Saturday, May 1, 2021
Behind the Eight Ball (Universal, 1942)
by Mark Gabrish Conlan • Copyright © 2021 by Mark Gabrish Conlan • All rights reserved
After showing Charles The House of Fear I thought of running Behind the Eight Ball (notice there’s no hyphen in the title), a 1942 Universal vehicle for the Ritz Brothers, the three-person comedy team who had fled 20th Century-Fox after they resented being cast in a rehash of an old-dark-house mystery called The Gorilla. They settled with the studio, made one more film there at the end of the 1930’s (Pack Up Your Troubles, an uncredited remake of Laurel and Hardy’s 1932 film of the same title, with the boys trying to find the surviving relatives of a girl left orphaned by World War I) and then decamped to Universal for a semi-respectable musical called Argentine Nights, an obvious knock-off of 20th Century-Fox’s Down Argentine Way (though Argentine Nights was actually released six weeks earlier) but still a reasonably budgeted and entertaining movie. In 1942 the Ritz Brothers returned to Universal and shot three back-to-back “B” movies, each only an hour long: Behind the Eight Ball, Hi’ya Chum and Never a Dull Moment. “It is difficult to see what the Ritz Brothers and Universal saw in each other at this time,” historian Leonard Maltin wrote in his book Movie Comedy Teams. “On the Ritzes’ part, they had rebelled at Fox because of the ‘B’ pictures they were doing, yet the type of ‘B’ Universal offered them made the minor Fox efforts look like colossal endeavors. As for Universal, they already had two comedy teams under contract – Abbott and Costello, and Olsen and Johnson – and why they needed a third is a mystery.” Behind the Eight Ball – which Charles and I were watching on a grey-label source taped off the air from WQTV, Channel 68, in Boston, the same source as our copy of Hi’ya Chum, though since then I’ve been able to trace an official release from the Universal Vault Series – is usually considered the best of the three.

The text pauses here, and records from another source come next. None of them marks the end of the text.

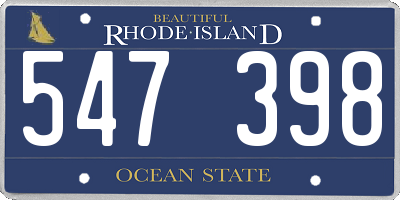 RI license plate 547398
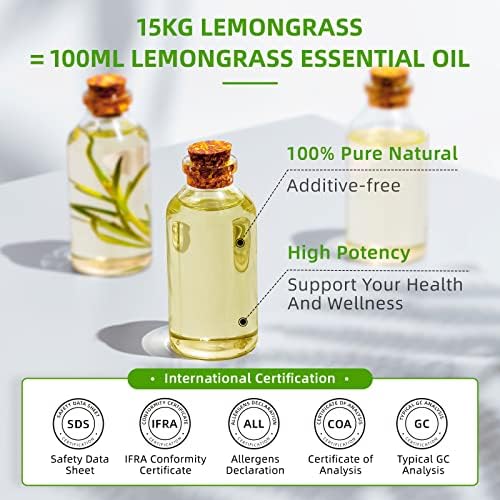 HIQILI 16 Fl Oz Lemongrass Essential Oil, 100% Pure Natural Undiluted for Diffuser, Hair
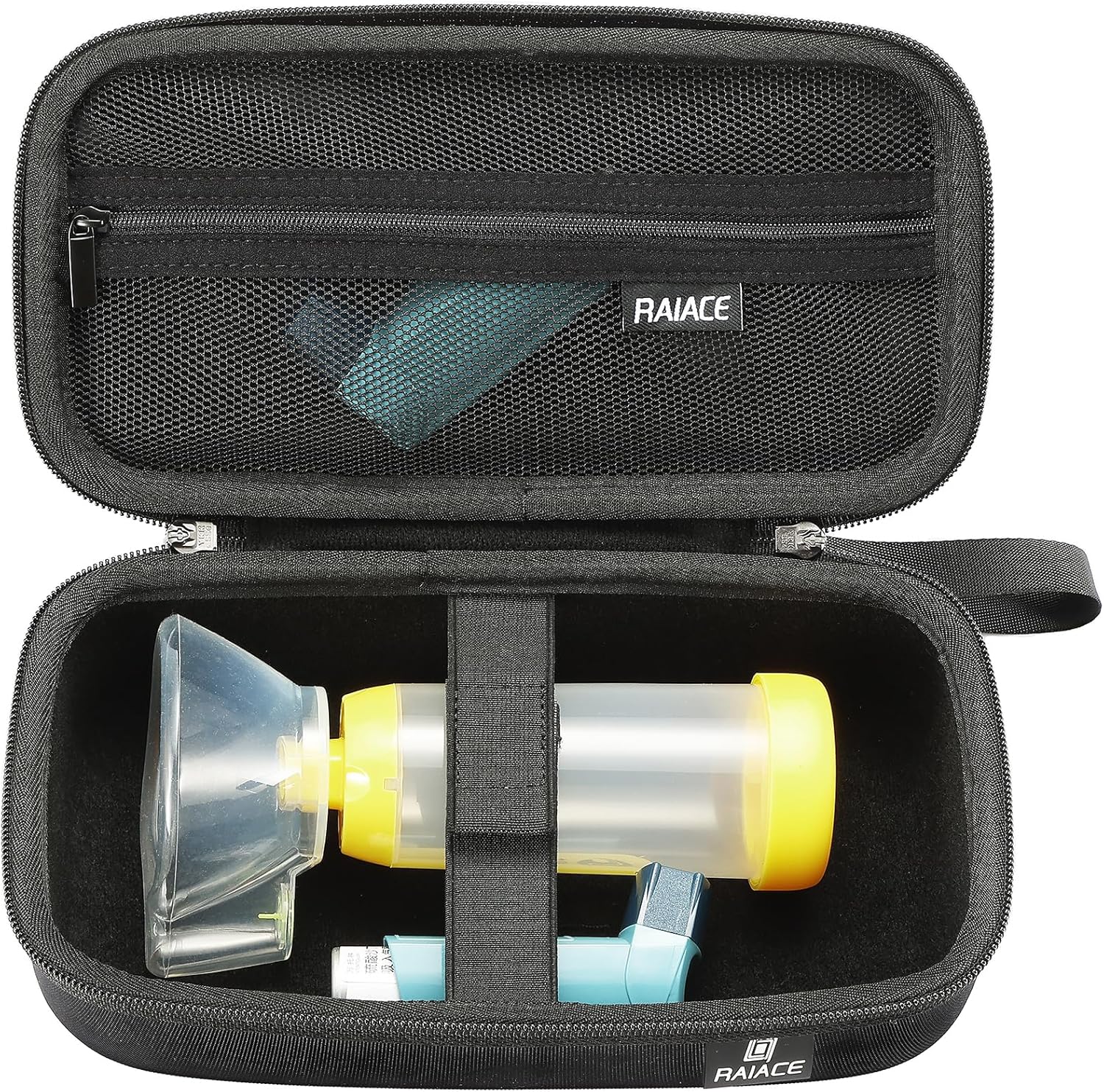 RAIACE hard travel storage case for asthma inhalers front view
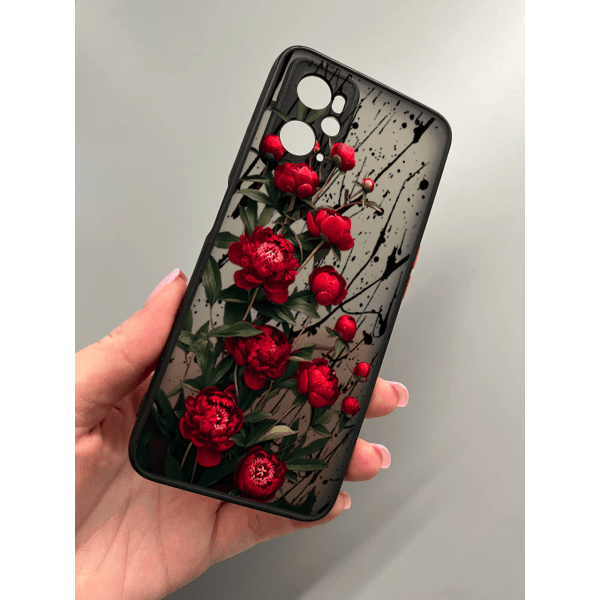 Чехол для Oppo A76/A96 красные пионы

We had watched a previous copy that had glitched to a stop after the first 3 ½ minutes, but from it I had got the impression this was essentially a third version, a comedy remake, of The Last Warning/The House of Fear. The only real similarity is that in a revue called Fun for All being staged at a remote New England theatre on the sort of dark and stormy night that in Universal movies is more often associated with the creation of the Frankenstein monster, the featured guest star is killed. The producer, Joan Barry (Carol Bruce), sends for another featured guest star to perform the next night – and he, too, is killed in the middle of the show. Not surprisingly, she’s having a good deal of trouble recruiting anyone to take the place of the dead performers – while the Ritz Brothers are working as waiters in a fancy nightclub and keep looking for the chance to perform. They do, but get fired, so they end up taking the job with Joan Barry even though their predecessors have been killed.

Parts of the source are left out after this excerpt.